* _Extracted entries_
»»

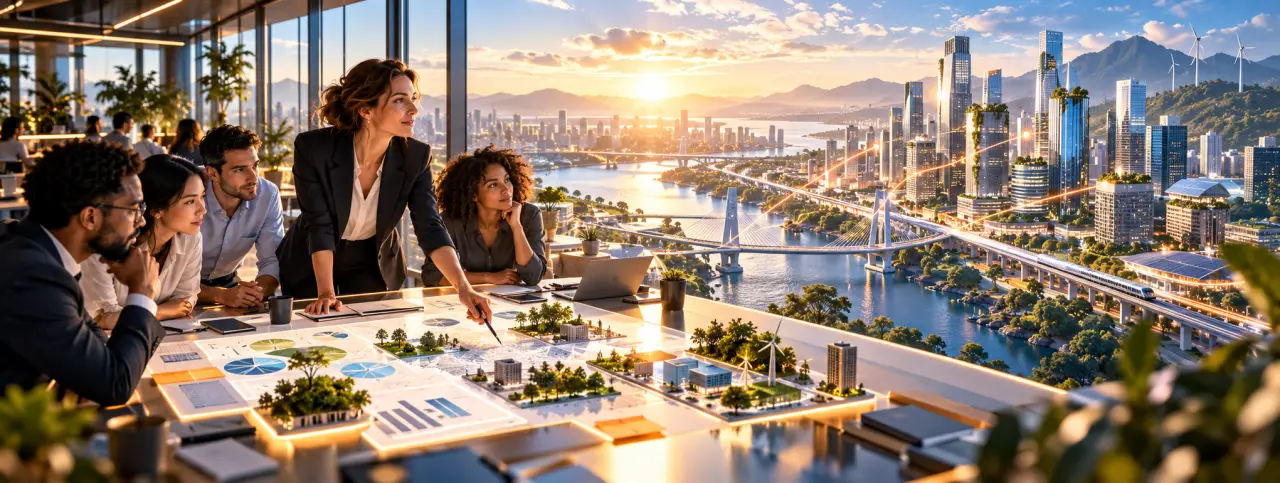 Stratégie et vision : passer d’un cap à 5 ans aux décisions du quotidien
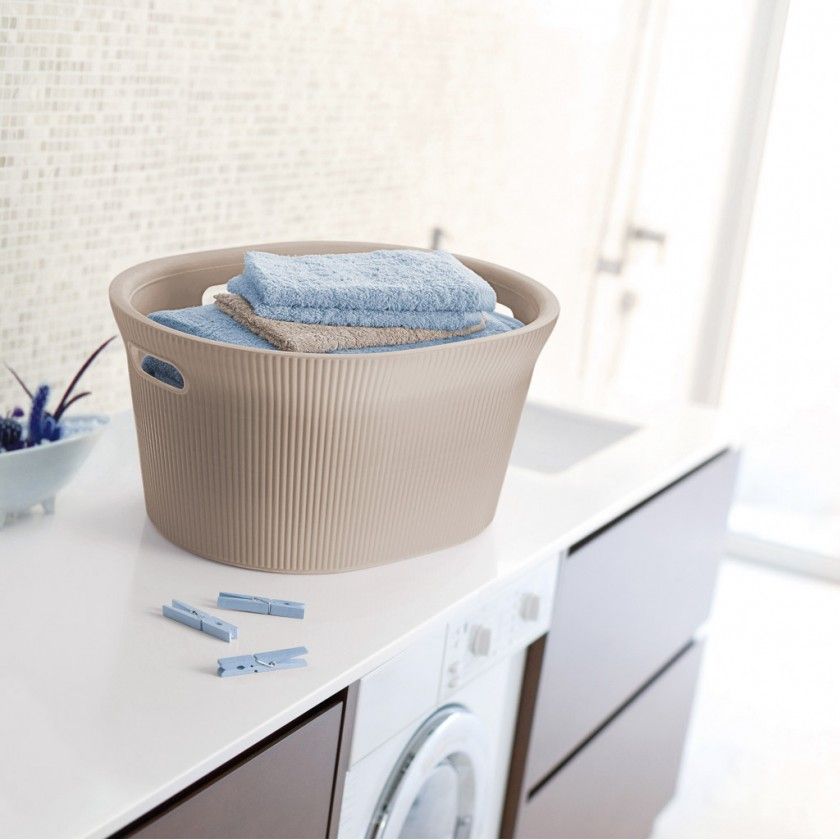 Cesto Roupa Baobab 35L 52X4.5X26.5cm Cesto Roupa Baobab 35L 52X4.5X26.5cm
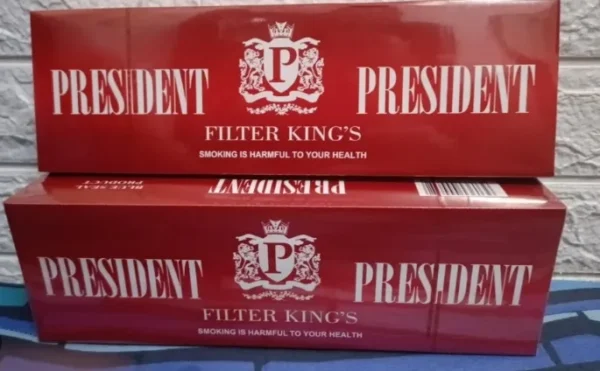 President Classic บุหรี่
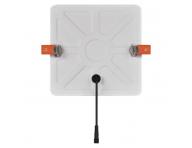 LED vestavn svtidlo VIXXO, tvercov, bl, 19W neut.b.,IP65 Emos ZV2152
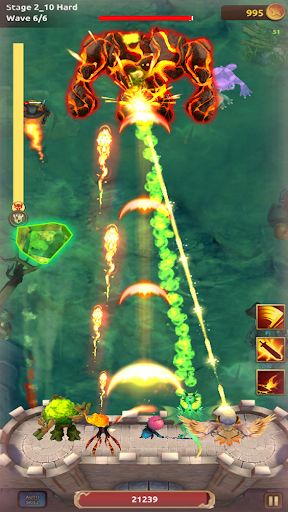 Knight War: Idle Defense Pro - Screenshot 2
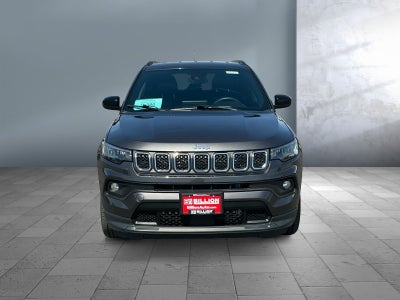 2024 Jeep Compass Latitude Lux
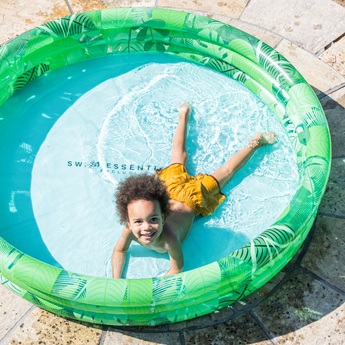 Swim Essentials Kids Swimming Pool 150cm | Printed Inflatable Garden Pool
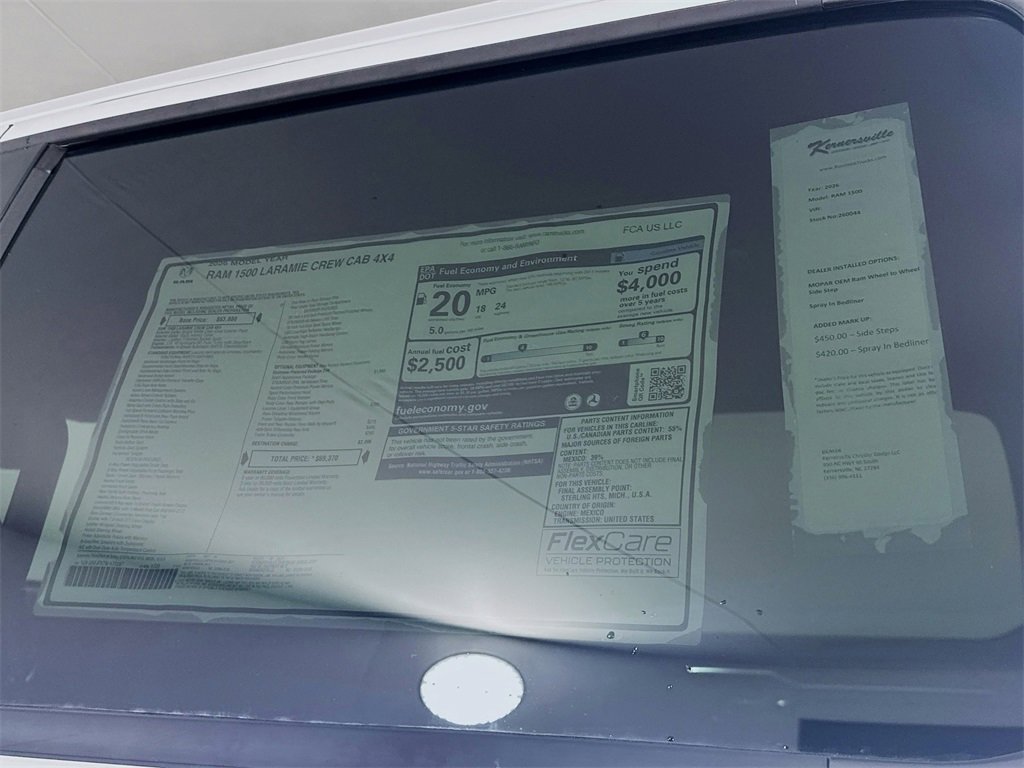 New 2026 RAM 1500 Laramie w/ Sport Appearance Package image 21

««
»»

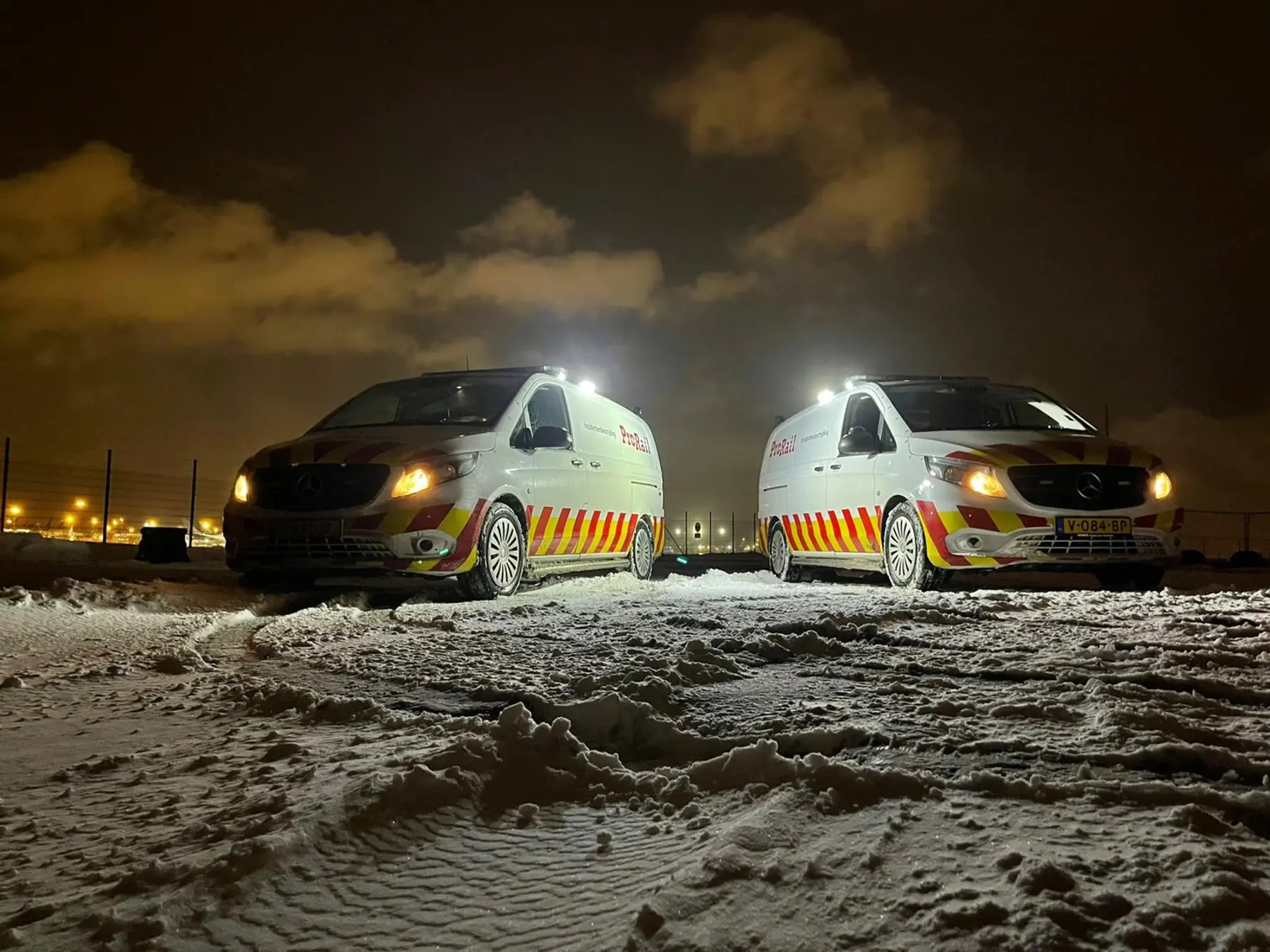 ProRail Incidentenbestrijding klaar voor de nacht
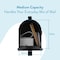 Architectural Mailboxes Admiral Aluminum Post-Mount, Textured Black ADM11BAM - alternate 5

««
»»

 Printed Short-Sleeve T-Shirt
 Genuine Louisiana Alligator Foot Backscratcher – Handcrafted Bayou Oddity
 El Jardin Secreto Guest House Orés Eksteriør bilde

««

* _Problem_
Return exactly the lines of the material above, starting at the line containing "2024 Jeep Compass Latitude Lux" and finishing at the line containing "New 2026 RAM", without any pictures.

* _Output for this exercise_
 2024 Jeep Compass Latitude Lux
 Swim Essentials Kids Swimming Pool 150cm | Printed Inflatable Garden Pool
 New 2026 RAM 1500 Laramie w/ Sport Appearance Package image 21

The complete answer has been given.